Xiaomi Mi Pad: A value-for-money tablet worthy of consideration
Benchmarks and Conclusion
Now we get to the part that sort of made Xiaomi as famous as it is right now. To test the Xiaomi Mi Pad, we ran the following benchmark apps:
- Epic Citadel
You will notice that Quadrant is missing from our usual list of benchmarks. This is because the Mi Pad that was in our care had an peculiar quirk of not allowing benchmarking apps to send data back to their servers. As Quadrant requires the data to be sent back before even giving us the scores, we weren't able to get them. As for AnTuTu, we managed to get the scores, but because the Mi Pad did not allow the scores to be sent back for verification, they remain unverified. That makes us quite suspicious of the Mi Pad's actual performance, as Samsung once did.
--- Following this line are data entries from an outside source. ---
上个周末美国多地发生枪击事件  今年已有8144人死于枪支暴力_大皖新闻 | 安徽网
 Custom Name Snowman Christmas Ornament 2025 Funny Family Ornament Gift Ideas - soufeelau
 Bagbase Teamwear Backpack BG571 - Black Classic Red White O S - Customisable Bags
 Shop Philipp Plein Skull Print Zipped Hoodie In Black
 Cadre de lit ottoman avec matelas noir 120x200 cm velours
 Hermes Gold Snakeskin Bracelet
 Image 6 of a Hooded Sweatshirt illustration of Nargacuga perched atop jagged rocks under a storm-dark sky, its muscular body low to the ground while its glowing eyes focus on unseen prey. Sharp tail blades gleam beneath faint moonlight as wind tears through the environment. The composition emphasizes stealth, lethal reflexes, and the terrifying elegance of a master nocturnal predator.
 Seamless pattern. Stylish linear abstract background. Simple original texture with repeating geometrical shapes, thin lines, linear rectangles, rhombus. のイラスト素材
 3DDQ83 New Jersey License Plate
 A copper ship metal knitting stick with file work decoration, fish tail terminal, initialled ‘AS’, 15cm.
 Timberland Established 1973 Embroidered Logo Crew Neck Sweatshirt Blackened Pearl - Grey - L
Also worth noting is the option to turn on Performance Mode. the Mi Pad prompts you to do so when it detects any benchmark apps running, but we didn't really get any significant performance increase after switching.
With 3DMark's Ice Storm Unlimited benchmark, the Xiaomi Mi Pad managed a score of 26,194. This is impressive, considering it is powered by a 32-bit NVIDIA Tegra K1 processor; the Google Nexus 9, with its 64-bit NVIDIA Tegra K1, scored lower, with 24,444.
For the AnTuTu benchmark, the Xiaomi Mi Pad sits among the top devices, with a score of 48,851. This was a score that inched ahead of the Meizu MX4, but was a considerable margin behind the Nexus 9. However, from the screenshots we've taken, you can see why we were so suspicious of it, despite it not having the kind of performance the Nexus 9 had.
Powered by an NVIDIA Tegra K1, we expected great results on this benchmark, even if it is just the 32-bit version of it. While maintaining an average frame rate of 53 FPS isn't too bad, especially at a resolution of 2,048 x 1,536 and at Ultra High Quality, we expected it to be able to maintain an average of over 55 FPS.
As PCMark provides the work benchmark, we decided to use it to see how well the Xiaomi Mi Pad performs as a working tool. The score it obtained was a solid 5,139.
Continuing with battery life, we used the test included in PCMark to see how long it can keep working before it went out of juice. It lasted shy of a full day at work, at seven hours and 46 minutes. That's almost eight continuous hours of work, which was within our estimates considering its 6,700mAh battery.
There have been many devices that have come in and out of our hands, but few have made us feel as divided as the Xiaomi Mi Pad has.
On one hand, it is extremely cheap and powerful without regard for each other. It lasts longer that its user would too, in a working marathon. The speakers are loud, albeit poorly positioned. The camera is nice under favorable lighting conditions. The overall 8-inch form factor is really great to handle, and is also comfortable for reading and video watching purposes.
On the other hand, it looks exactly like how it's priced. Its need for a pin to access the expendable storage and its really odd necessity for a factory reset every time you need to change locations are really tiresome, and the factory-reset-to-change-locations thing is also quite suspicious, but not as much as the device's refusal to send testing data to the respective benchmarking servers.
If none of the cons bother you (or if you think those are the ramblings of a hypochondriac), then we have no problems recommending the Xiaomi Mi Pad. It is powerful, its battery is long lasting, and having all that for RM799 is extremely good value for money.